Angela Hermes, RD, CLT
What does a day in the life of Angela Hermes, RD, LD, CLT look like?
One thing I love about my life is that every day is different. I have three small children, so being a good mom and doing everything that entails is my most important role.
My work life is ever changing. Some days I am seeing clients for individual consultations, on others I teach classes to various groups within my community, and on some days I work as a health coach for a corporate wellness company. I also work as a freelance food and nutrition writer so many days I am writing articles. I am also responsible for most of the marketing involved at our wellness center and spend a lot of my time on this as well.
If you could give one piece of advice to a dietetic intern, or someone who is interested in becoming and RD, what would it be?
I would tell them that there will be setbacks and roadblocks along the way toward a dietetics education. However, they must not give up if this is truly their dream.
What would you consider to be the best part of your job?
I specialize in treating chronic illnesses such as fibromyalgia, IBS, chronic migraines, and cancer through dietary changes. The absolute best part of my job is helping people to heal from these and other chronic conditions with nutrition. I love it when someone I have been working with tells me how amazing they feel after improving their diet. There is no better feeling than knowing that I truly helped someone on their path to wellness.
If you could change one thing about the nutrition/dietetics world, what would it be?
I would like to see all RDs advocating for whole food diets and working towards supporting local farmers and fishermen at every opportunity. I think that many of us are headed in the right direction. However, I would like for the use of and advocacy for whole and locally produced foods to be the norm in the practice of dietetics.
What books have shaped you and your practice the most?
“The Encyclopedia of Healing Foods” by Michael T. Murray, JOSEPH PIZZORNO and Lara Pizzorno – I use this book as a reference all of the time. It is so well written and gives the history and nutrition information for almost every food on the planet.
“The Complete Tightwad Gazette” by Amy Dacyczyn- This book helped me to reexamine what it means to live well. Amy Dacyzczyn gives all of her inside tips on how to consume whole foods and achieve our dreams while sticking to a very tight budget. It has been a real eye opener and invaluable resource for me since I have a young family, a business, and a very tight budget.

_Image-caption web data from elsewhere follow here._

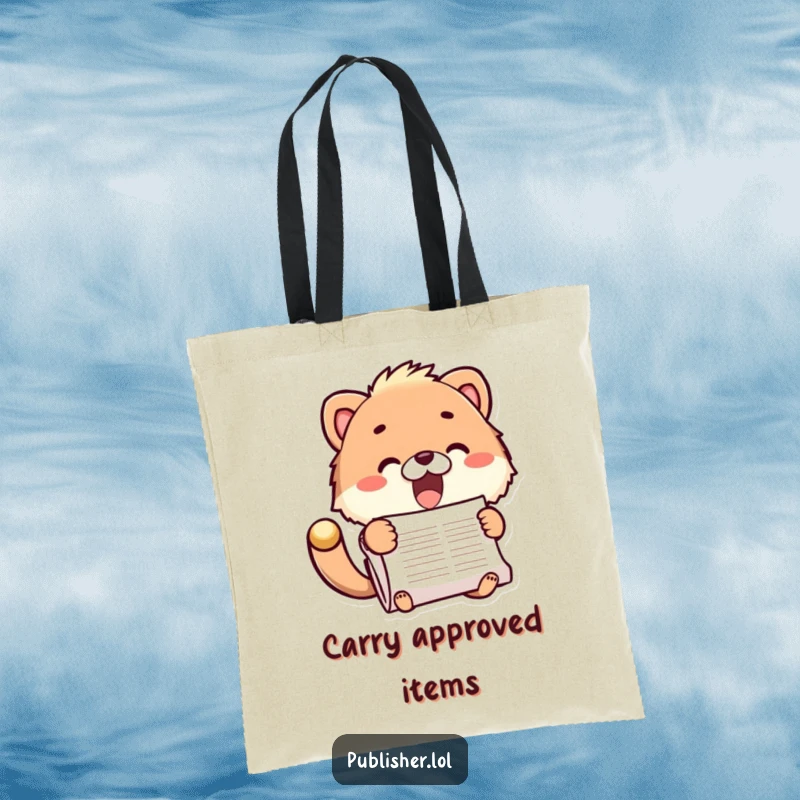 Funny tote bag depicting a fuzzy animal character stamping a large document, symbolizing enthusiasm and productivity, a perfect funny gift.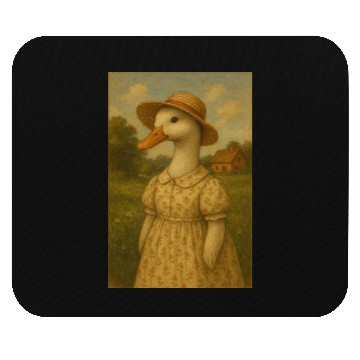 Discover Whimsical Duck Lady in Vintage Dress Mouse Pads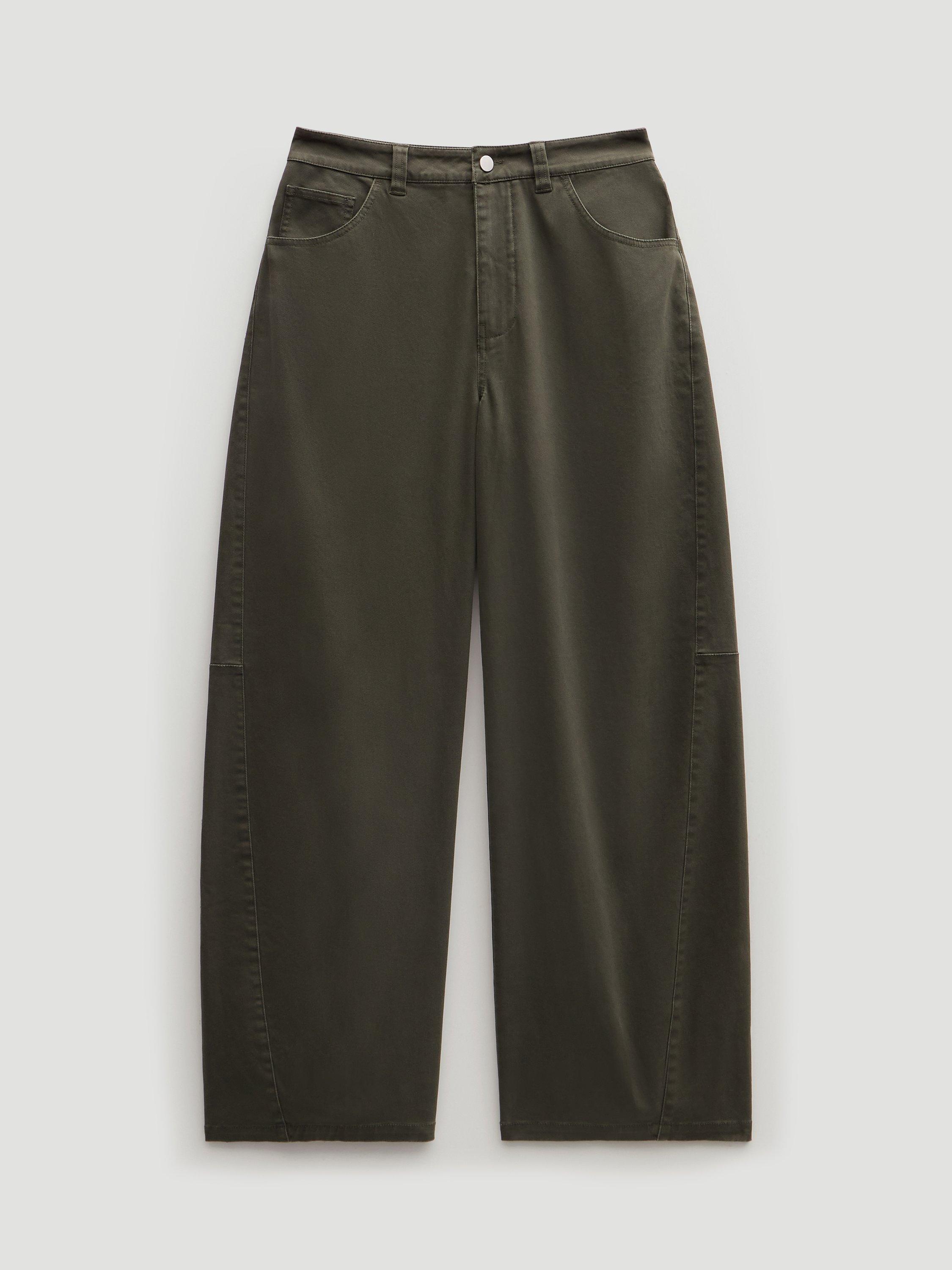 Product image 4 of 6, which shows HUSH Bree Barrel Leg Trousers, Grey Green, 10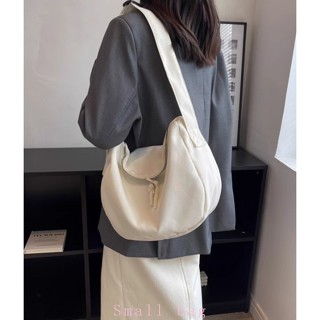 【小口袋】日系原廠拉鍊款簡約文藝帆布斜揹包大容量學生通勤百搭餃子包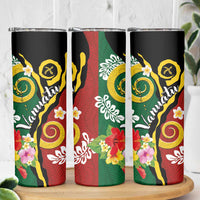 Melanesian Vanuatu Tribal Boar Tusk Skinny Tumbler Tropical Plants and Namele Motifs LT03 - Polynesian Pride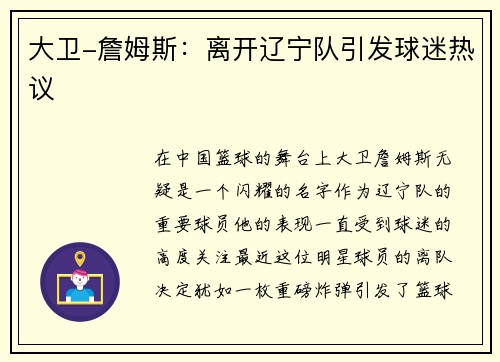 大卫-詹姆斯：离开辽宁队引发球迷热议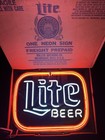 Vintage 1987 Miller Lite Beer Neon Light Bar Sign   Authentic Usa - New In Box  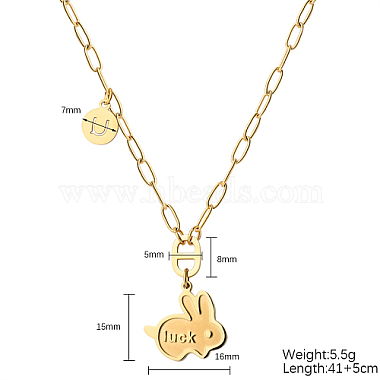 Luck Rabbit Stainless Steel Pendant Necklaces(KA9286-3)-2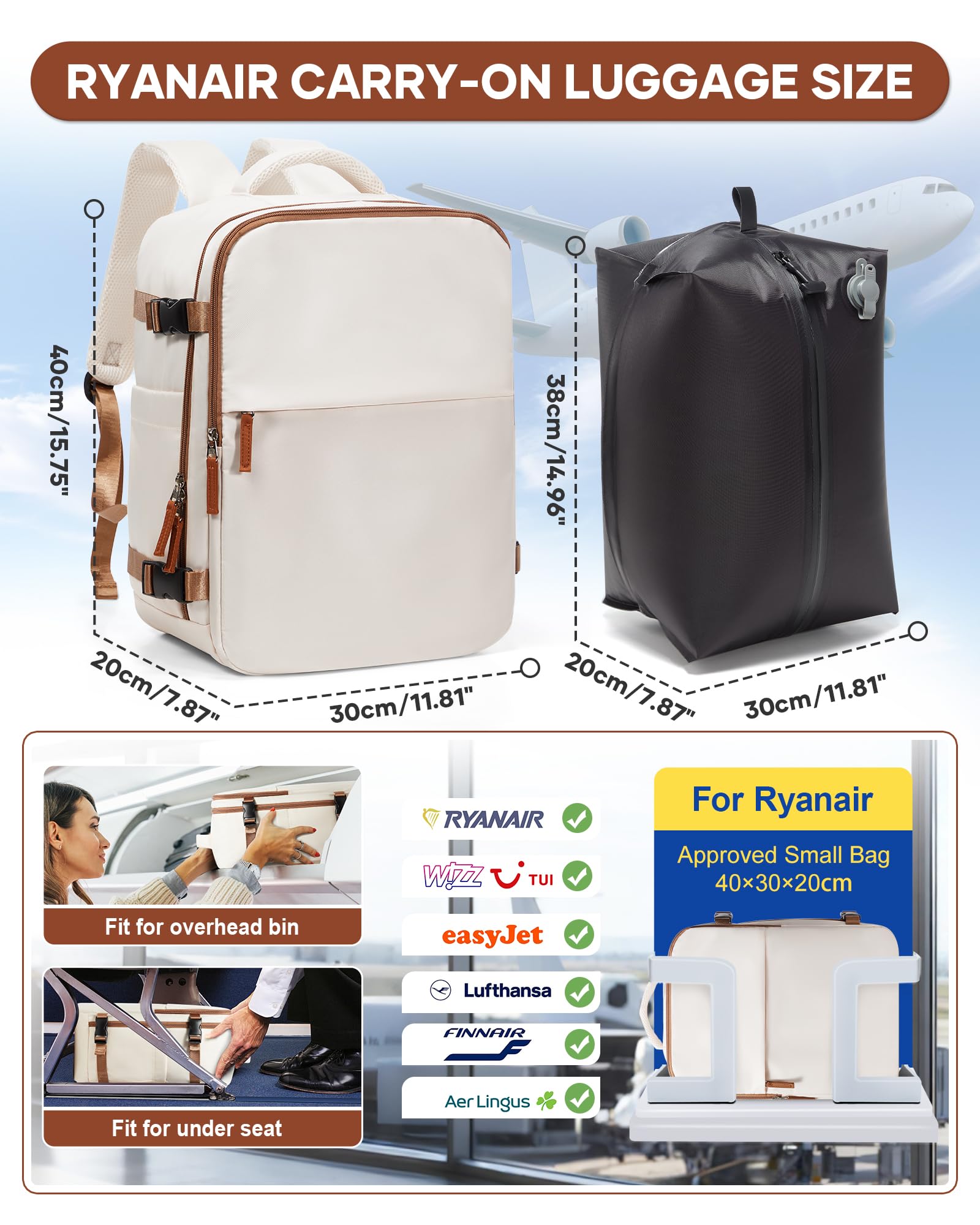 BJLFS Zaino da Viaggio con Sottovuoto Ryanair 40x30x20 Wizzair Bagaglio a mano 40x20x25 Ryanair con Pompa Borse da Cabina per Easyjet 45x36x20 con compressione sottovuoto,Zaino Casual per Laptop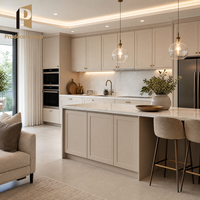 Meubles de cuisine modernes en panneaux de mélamine, texture bois, pour projet personnalisé de villa entière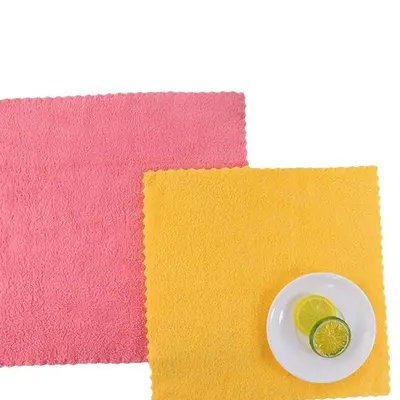 Warp-edge jacquard knitted coral velvet small square towel 30x30 cm children's towel absorbent soft fabric baby face towel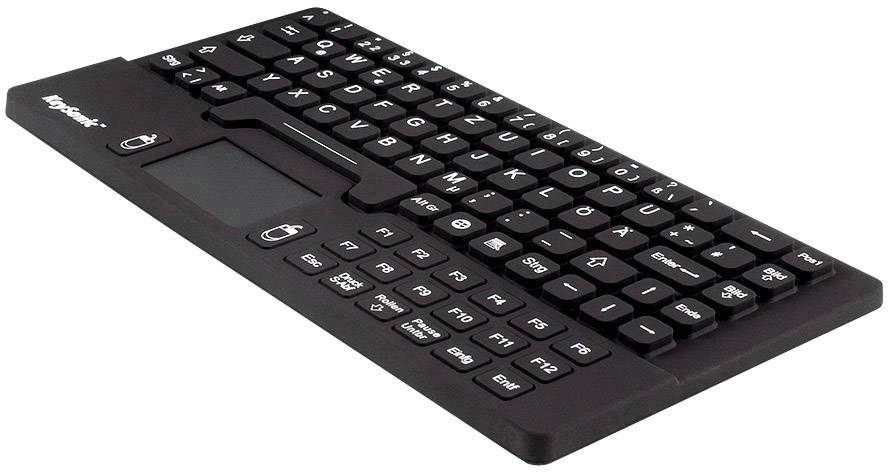 Keysonic KSK-5031IN (DE) USB Tastatur Deutsch, QWERTZ Schwarz Spritzwassergeschützt, Integriertes Touchpad, Maustasten-2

“Becoming Vegan: The Complete Guide to Adopting a Healthy Plant-Based Diet” by Brenda Davis and Vesanto Melina – This is a wonderful book that was written by two vegan Dietitians. They walk the reader through a healthy transition to a plant-based diet step-by-step. Their use of the scientific evidence is wonderful. It really gives weight to the idea that a vegan diet is a healthy diet and that we don’t need to eat meat or dairy products in order to meet all of our protein and calcium needs.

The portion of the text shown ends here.